Below are records; please give the number of their lines that contain the string "Chinese", and only that number.
======== Study material ========
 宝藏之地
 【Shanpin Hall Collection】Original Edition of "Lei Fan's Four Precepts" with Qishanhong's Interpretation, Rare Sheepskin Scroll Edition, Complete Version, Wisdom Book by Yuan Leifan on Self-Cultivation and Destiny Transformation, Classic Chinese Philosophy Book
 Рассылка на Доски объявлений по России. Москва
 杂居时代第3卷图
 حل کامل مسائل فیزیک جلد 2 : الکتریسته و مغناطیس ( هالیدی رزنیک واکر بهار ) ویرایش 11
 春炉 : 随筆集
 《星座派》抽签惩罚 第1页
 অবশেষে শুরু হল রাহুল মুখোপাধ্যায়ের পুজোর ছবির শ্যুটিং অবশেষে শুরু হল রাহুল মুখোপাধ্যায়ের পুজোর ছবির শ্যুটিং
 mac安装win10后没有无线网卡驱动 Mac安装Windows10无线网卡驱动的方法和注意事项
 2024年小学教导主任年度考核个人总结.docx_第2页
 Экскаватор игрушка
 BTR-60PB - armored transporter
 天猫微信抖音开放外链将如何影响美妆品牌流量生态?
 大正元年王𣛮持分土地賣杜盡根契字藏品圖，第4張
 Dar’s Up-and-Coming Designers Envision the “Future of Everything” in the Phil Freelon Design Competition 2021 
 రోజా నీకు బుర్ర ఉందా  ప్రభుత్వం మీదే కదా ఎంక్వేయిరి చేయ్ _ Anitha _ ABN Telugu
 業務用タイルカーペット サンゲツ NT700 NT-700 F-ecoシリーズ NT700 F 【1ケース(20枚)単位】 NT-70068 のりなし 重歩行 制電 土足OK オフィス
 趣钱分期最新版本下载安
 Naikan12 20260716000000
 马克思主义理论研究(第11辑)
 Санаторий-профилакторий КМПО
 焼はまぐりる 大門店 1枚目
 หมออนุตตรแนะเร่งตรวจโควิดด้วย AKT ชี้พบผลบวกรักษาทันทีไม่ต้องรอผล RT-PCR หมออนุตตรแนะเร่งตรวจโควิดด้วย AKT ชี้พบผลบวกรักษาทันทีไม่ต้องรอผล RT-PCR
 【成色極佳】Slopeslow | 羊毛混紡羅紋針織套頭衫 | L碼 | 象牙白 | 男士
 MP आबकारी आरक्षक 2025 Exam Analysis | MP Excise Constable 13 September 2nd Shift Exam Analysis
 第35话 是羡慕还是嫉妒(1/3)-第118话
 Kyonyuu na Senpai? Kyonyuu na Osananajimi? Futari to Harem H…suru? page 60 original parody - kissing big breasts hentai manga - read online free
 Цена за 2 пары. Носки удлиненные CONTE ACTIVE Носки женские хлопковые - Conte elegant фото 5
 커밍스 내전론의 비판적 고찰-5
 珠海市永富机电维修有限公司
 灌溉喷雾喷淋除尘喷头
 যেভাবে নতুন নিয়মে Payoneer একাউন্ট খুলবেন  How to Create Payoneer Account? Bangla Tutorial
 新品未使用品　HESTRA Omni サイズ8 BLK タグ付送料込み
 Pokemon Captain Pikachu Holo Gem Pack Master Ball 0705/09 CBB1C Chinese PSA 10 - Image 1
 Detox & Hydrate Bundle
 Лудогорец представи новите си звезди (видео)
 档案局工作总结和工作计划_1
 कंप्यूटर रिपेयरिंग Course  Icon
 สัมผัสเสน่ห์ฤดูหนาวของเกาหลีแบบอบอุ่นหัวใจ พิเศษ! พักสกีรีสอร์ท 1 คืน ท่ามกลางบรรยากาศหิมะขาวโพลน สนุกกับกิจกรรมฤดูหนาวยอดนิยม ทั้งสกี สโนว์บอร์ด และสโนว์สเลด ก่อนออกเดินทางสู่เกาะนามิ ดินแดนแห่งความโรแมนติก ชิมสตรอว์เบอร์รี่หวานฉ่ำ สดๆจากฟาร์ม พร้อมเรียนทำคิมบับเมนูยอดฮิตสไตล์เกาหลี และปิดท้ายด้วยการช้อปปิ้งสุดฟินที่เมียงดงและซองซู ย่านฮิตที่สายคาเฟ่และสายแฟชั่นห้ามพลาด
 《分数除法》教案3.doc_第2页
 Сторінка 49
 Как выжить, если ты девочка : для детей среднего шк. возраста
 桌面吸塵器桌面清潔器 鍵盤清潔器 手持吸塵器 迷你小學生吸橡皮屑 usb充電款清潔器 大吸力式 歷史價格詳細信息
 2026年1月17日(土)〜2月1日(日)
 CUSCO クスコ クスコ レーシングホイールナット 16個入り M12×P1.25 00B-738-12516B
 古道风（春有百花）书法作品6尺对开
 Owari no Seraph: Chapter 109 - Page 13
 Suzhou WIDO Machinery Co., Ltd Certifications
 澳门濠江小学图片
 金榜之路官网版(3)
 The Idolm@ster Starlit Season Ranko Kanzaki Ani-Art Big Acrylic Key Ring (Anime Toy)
========
» **Written answer**: 2